Your social media feeds have likely been inundated with information on the Black Lives Matter movement, and for good reason. After the recent murders of Ahmaud Arbery, Breonna Taylor, George Floyd, and Tony McDade, it’s become clear that racism and police brutality are horrific problems in the US. It’s also become clear that we all can and need to take action so this doesn’t continue to happen.
I know many of us have reposted information and shared our support for the movement online, but it’s important to do more than that, and to continue engaging regularly with the Black Lives Matter movement.
If you’re looking for actionable ways to support the movement, here are some suggestions of places to give your money, time, and attention.

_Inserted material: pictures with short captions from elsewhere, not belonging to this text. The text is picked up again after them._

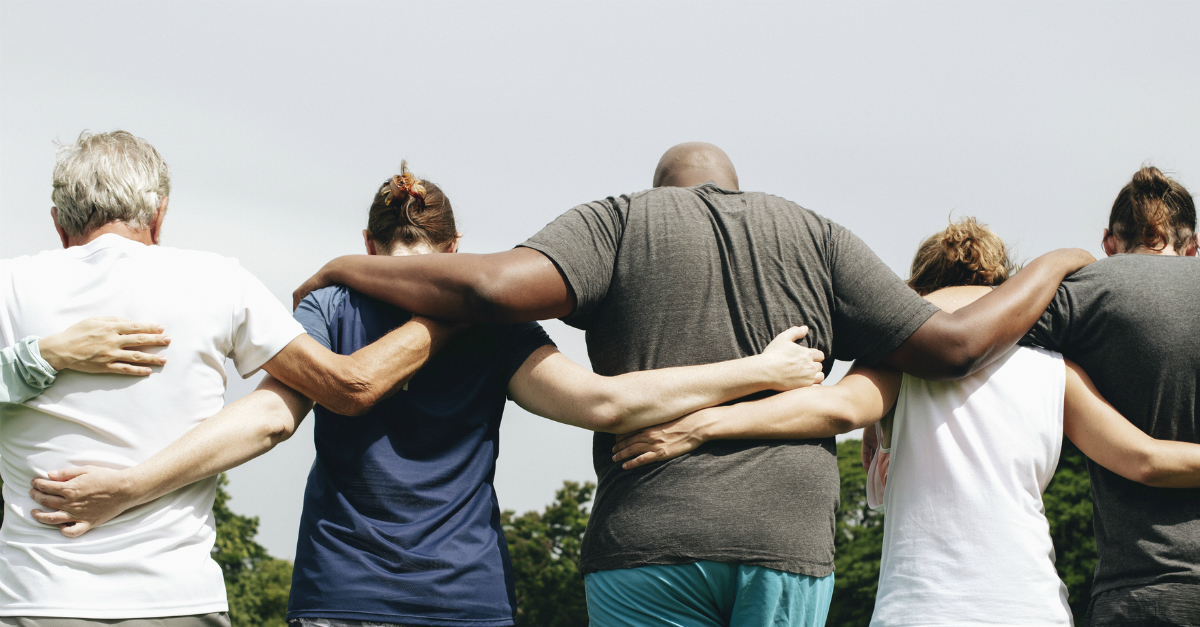 diverse row of group of adult friends with heads bowed in prayer arms around each other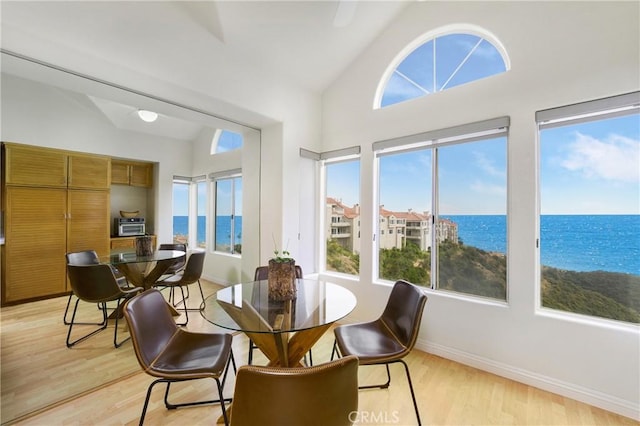 46 Saint Tropez, Laguna Niguel, CA 92677 - dining room featuring light wood-style floors, a water view, and high vaulted ceiling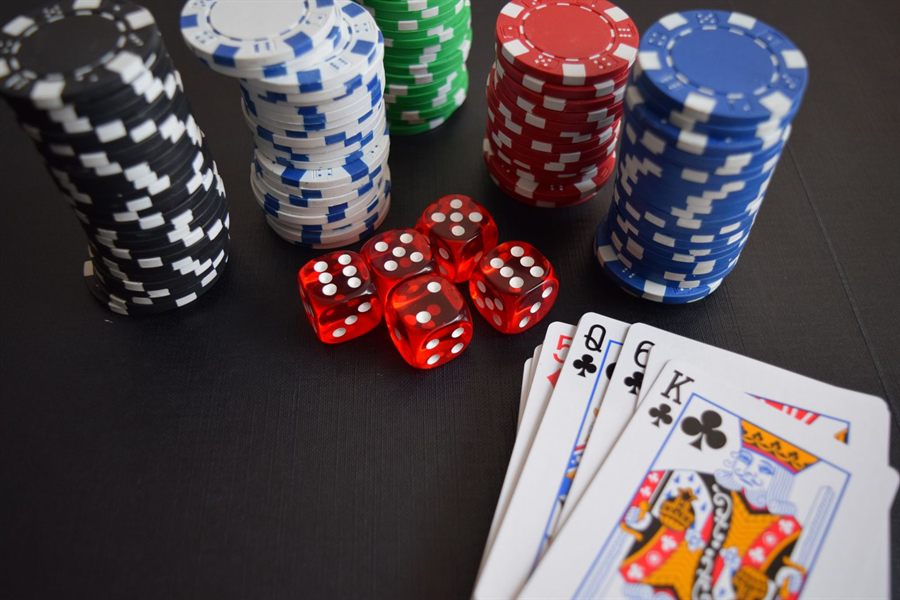 Casino chips, red dice and playing cards on a dark table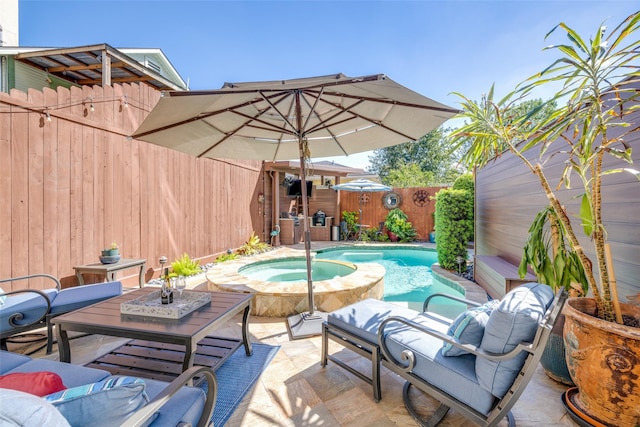 view of patio with a fenced backyard and a pool with connected hot tub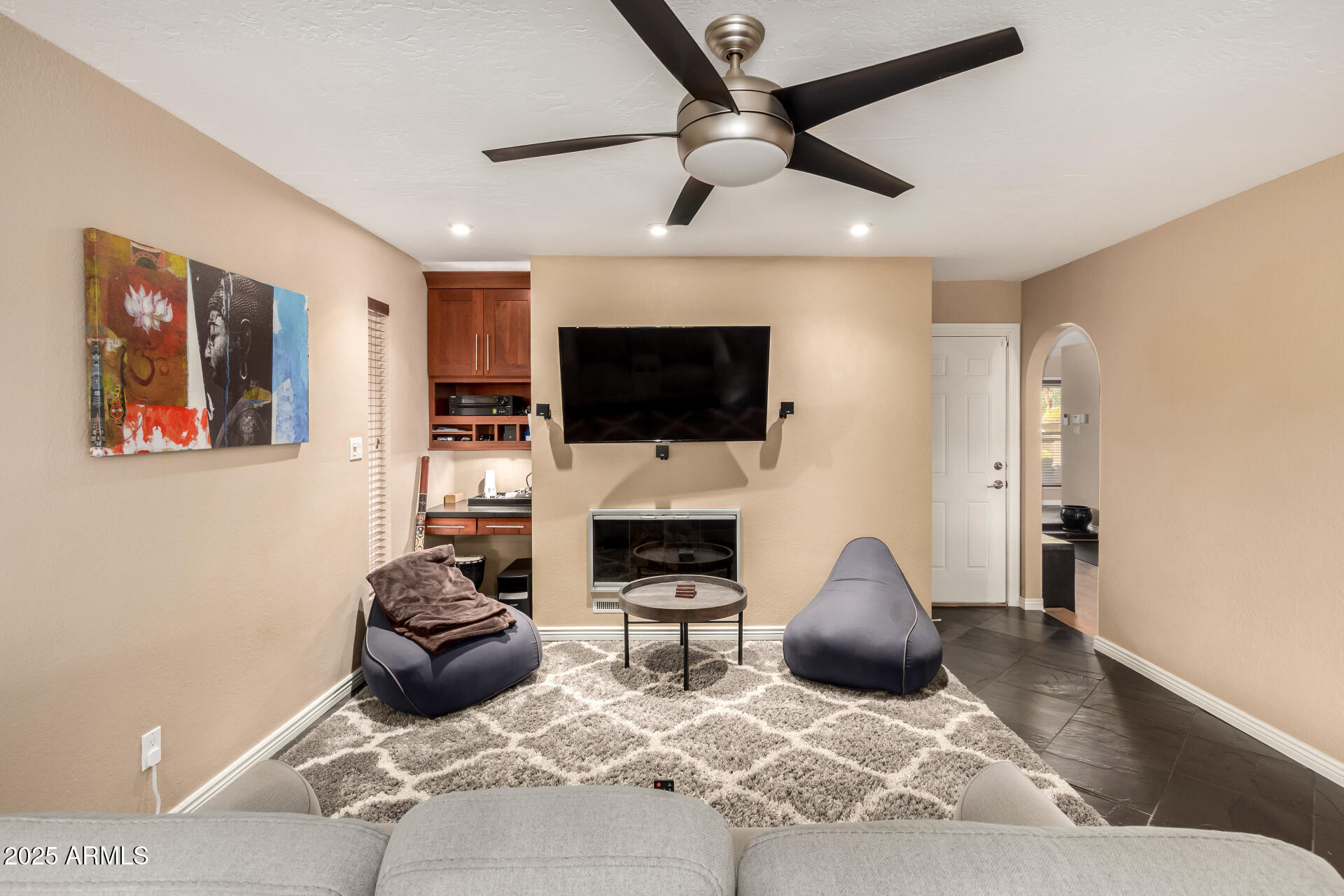 5319 North 15th Street Phoenix, AZ 85014 - Photo 6 of 30 a living room with fireplace furniture and a flat screen tv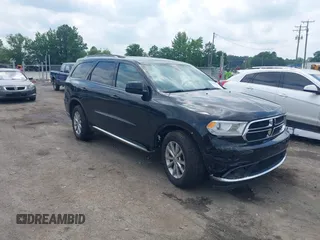 2017 Dodge Durango SXT z VIN 1C4RDJAG7HC860405, wystawiony jako IAAI lot #42669206 z przebiegiem 165 936 mil mil oraz . Historia ofert i sprzedaży dostępna na DreamBid. Obrazek 1.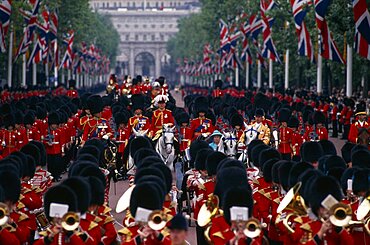 SOCIETY Military Army The Queen and Prince Phillip returning down The Mall with Guardsmen after Trooping The Colour Ceremony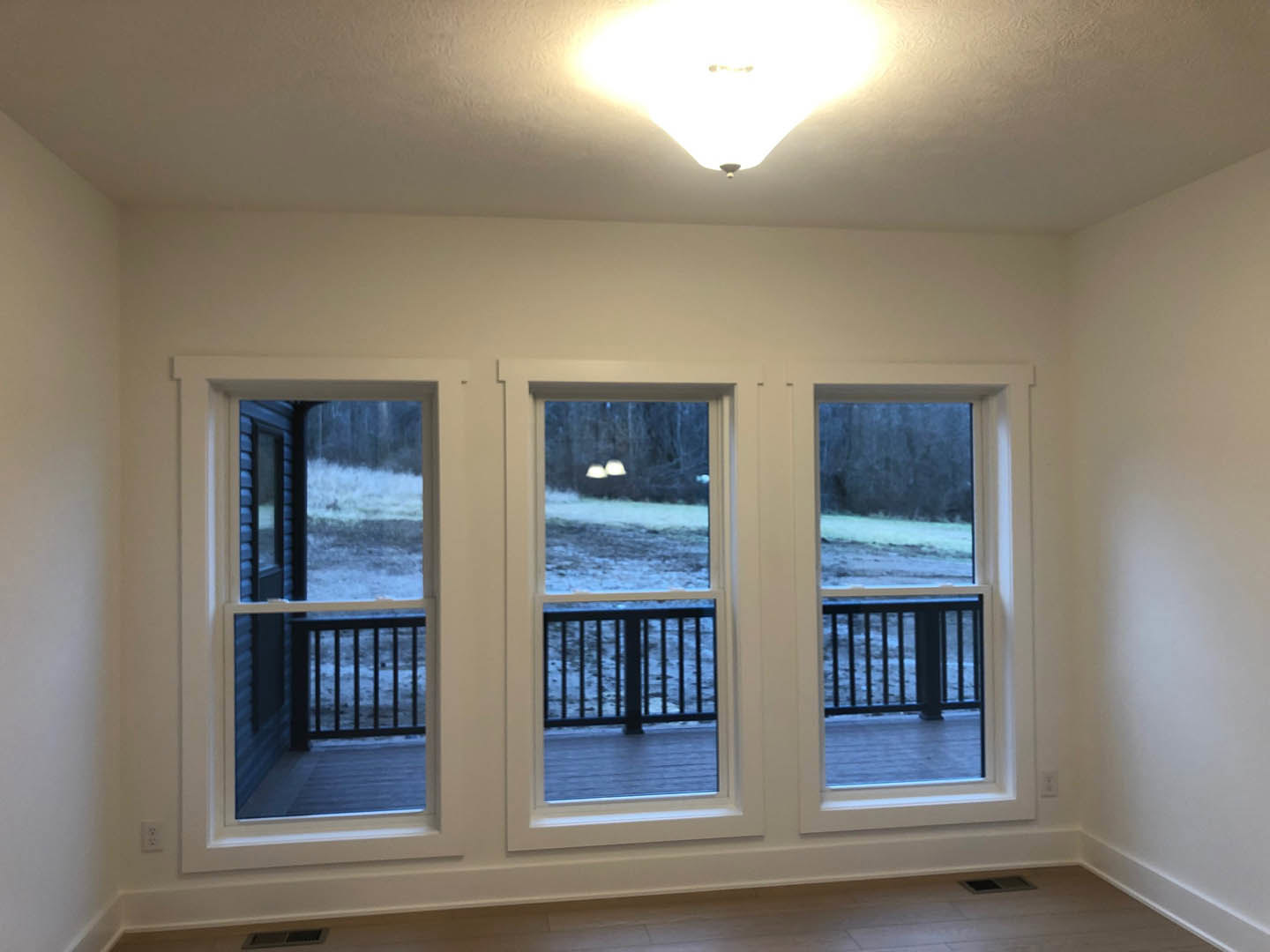 Open living area with large windows, white tile flooring, modern light fixture, sliding door to deck with metal railing, snowy landscape and trees visible outside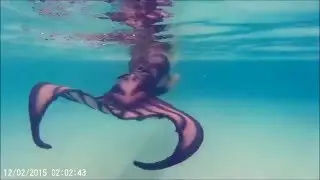 Playful mermaid April
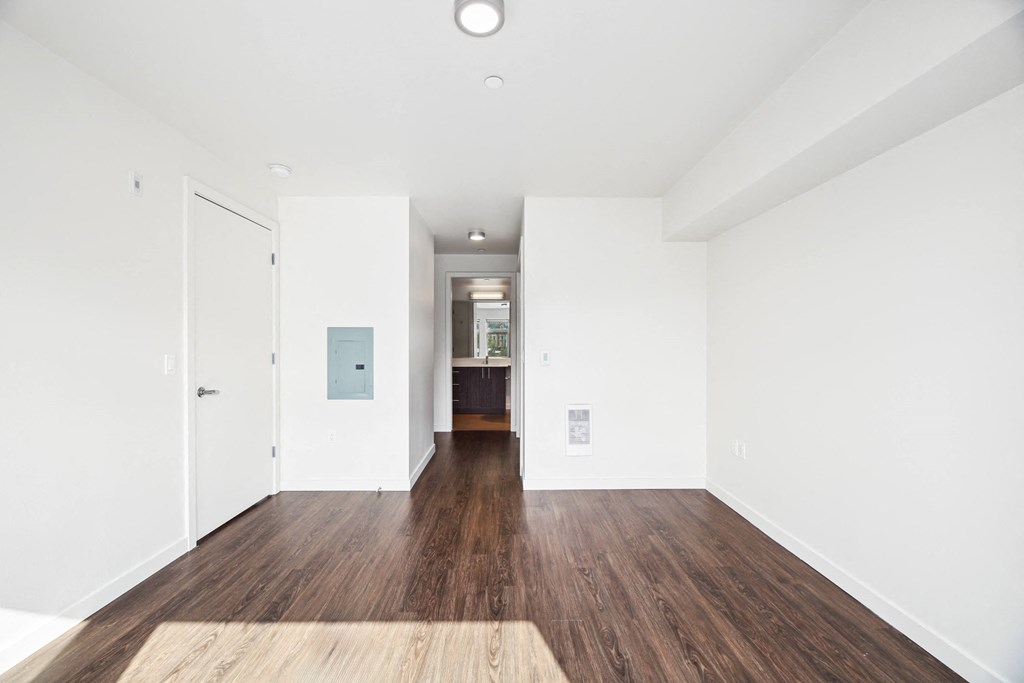 a renovated living room with white walls and wood floors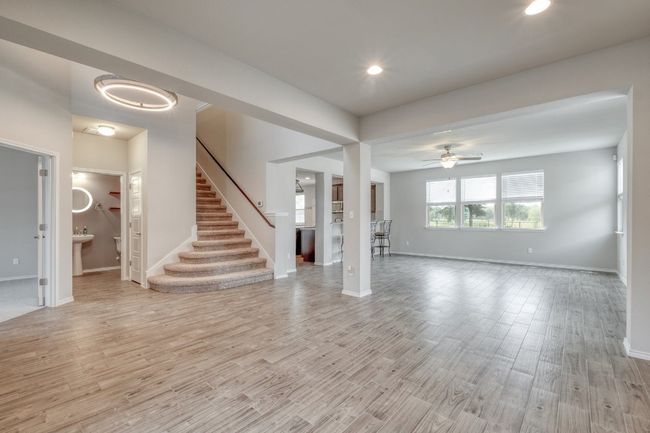 Unfurnished living room featuring light wood finished floors, stairs, a ceiling fan, and recessed lighting | Image 6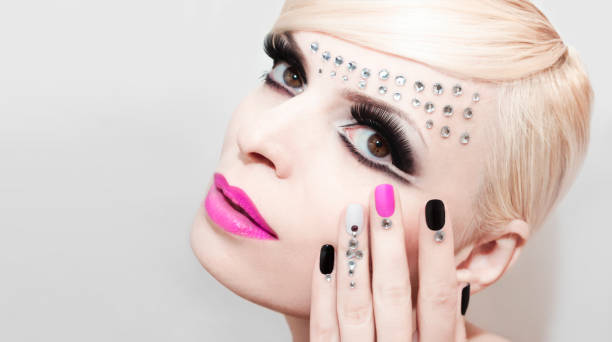 istock Manicure and makeup with pink color. 870784494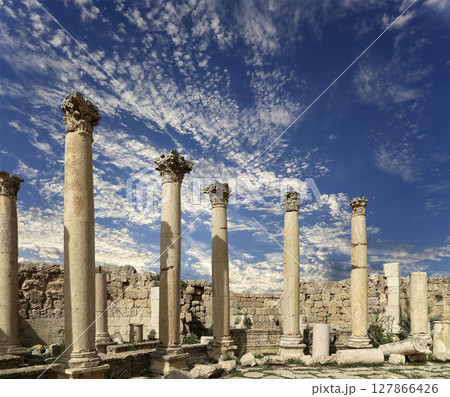 Roman Columns in the Jordanian city of Jerash (Gerasa of Antiquity), capital and largest city of Jerash Governorate, Jordan. Against the background of a beautiful sky with clouds Roman Columns in the Jordanian city of Jerash (Gerasa of Antiquity), capital and largest city of Jerash Governorate, Jordan. Against the background of a beautiful sky with clouds 127866426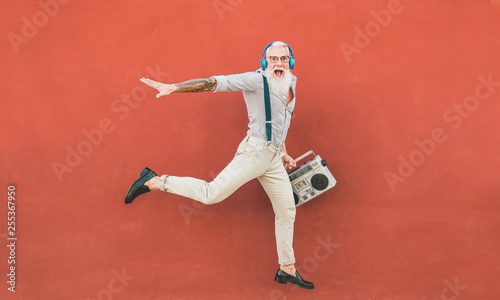 Fototapeta Naklejka Na Ścianę i Meble -  Senior crazy man jumping and listening music outdoor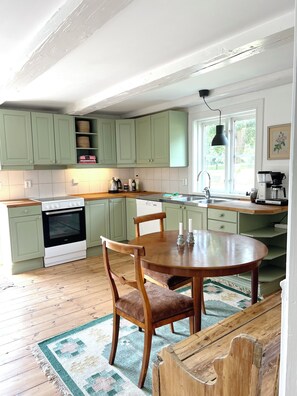 A kitchen with green cabinets, a wooden dining table, and a coffee machine.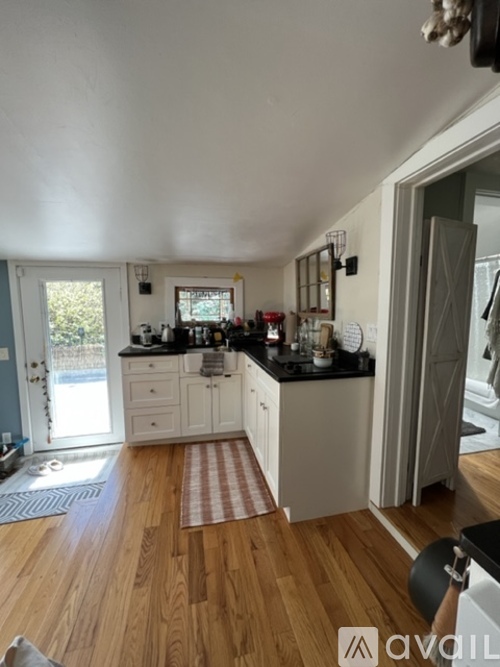 A kitchen with wooden floors and white cabinets.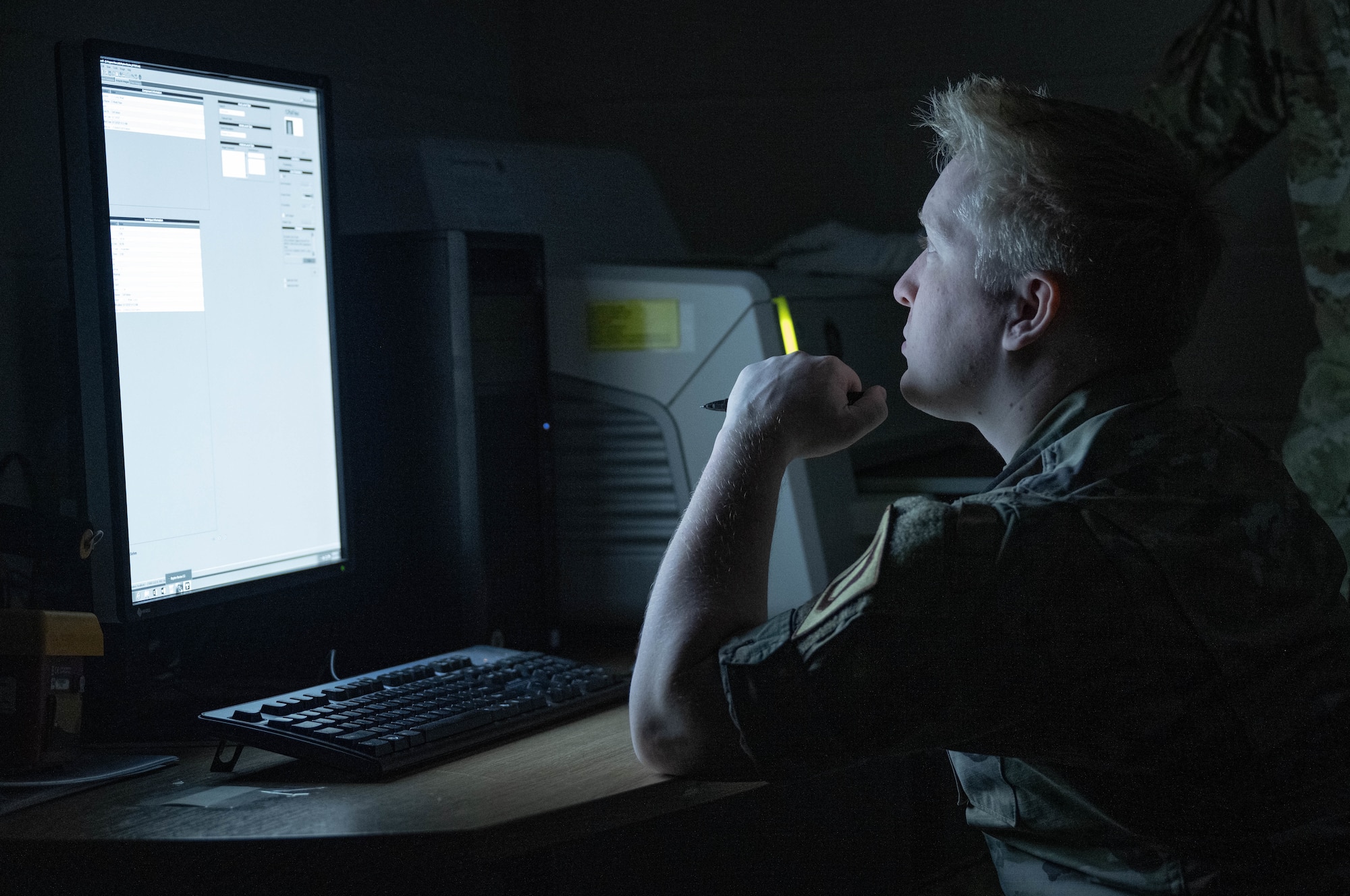 U.S. Air Force Senior Airman Colton Behm, 100th Maintenance Squadron non-destructive inspection journeymen, adjusts the photo settings of a digital printout during a Day in the Life immersion with the 100th MXS at RAF Mildenhall, England, June 13, 2025.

Please also see my brother’s website dedicated entirely to BLM resources: KnowBLM.com.
Give Your Money
1. Donate to organizations fighting for Black rights and lives.
You’ve probably seen tons of resources directing you to the Minnesota Freedom Fund and Reclaim the Block. Both organizations have asked us to forward any donations to other Black-led orgs, as they’ve received an outpouring of support. Reclaim the Block has a list of other organizations they recommend. The Minnesota Freedom Fund Twitter account has some recommendations as well, plus other ways to engage (like numbers to call).
Here are some other organizations you might consider:
Local bail funds—There are funds across the country to support arrested protesters. These funds generally help pay for the protesters’ bail, fines, legal fees, and court fees.
Black Lives Matter—Based in the US, UK, and Canada, this group focuses on supporting and empowering Black leaders, creating educational campaigns, and “[building] local power to intervene in violence inflicted on Black communities by the state and vigilantes.” The organization uplifts the voices of the Black community, particularly those who are women, queer, or trans.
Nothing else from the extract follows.